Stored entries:
================
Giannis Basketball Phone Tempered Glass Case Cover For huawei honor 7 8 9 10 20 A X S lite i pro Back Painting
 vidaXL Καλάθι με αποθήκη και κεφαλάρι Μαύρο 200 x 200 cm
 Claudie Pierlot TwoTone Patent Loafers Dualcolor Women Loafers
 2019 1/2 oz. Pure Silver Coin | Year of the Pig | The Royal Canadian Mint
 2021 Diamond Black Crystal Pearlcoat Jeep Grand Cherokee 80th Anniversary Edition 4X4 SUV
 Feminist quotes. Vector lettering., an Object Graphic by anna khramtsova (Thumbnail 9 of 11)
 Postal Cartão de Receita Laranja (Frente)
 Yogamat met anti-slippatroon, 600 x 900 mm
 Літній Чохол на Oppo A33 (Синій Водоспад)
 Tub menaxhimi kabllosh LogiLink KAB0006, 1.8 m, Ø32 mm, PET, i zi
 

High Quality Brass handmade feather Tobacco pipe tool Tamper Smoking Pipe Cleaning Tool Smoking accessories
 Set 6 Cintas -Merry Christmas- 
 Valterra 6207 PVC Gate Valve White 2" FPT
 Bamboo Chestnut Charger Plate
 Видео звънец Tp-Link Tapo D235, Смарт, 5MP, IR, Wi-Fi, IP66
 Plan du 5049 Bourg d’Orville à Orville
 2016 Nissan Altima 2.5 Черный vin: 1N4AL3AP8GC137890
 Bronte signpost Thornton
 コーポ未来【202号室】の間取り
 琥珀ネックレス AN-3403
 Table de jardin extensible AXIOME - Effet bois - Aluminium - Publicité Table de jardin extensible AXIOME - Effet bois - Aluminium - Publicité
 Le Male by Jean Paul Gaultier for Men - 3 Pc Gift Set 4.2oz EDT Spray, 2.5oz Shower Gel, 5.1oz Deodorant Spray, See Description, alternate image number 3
================
Instructions to follow
All that is wanted is the stretch of lines above from the one containing "Feminist quotes. Vector" through the one containing "High Quality Brass", duplicated exactly.

Solution for this task
 Feminist quotes. Vector lettering., an Object Graphic by anna khramtsova (Thumbnail 9 of 11)
 Postal Cartão de Receita Laranja (Frente)
 Yogamat met anti-slippatroon, 600 x 900 mm
 Літній Чохол на Oppo A33 (Синій Водоспад)
 Tub menaxhimi kabllosh LogiLink KAB0006, 1.8 m, Ø32 mm, PET, i zi
 

High Quality Brass handmade feather Tobacco pipe tool Tamper Smoking Pipe Cleaning Tool Smoking accessories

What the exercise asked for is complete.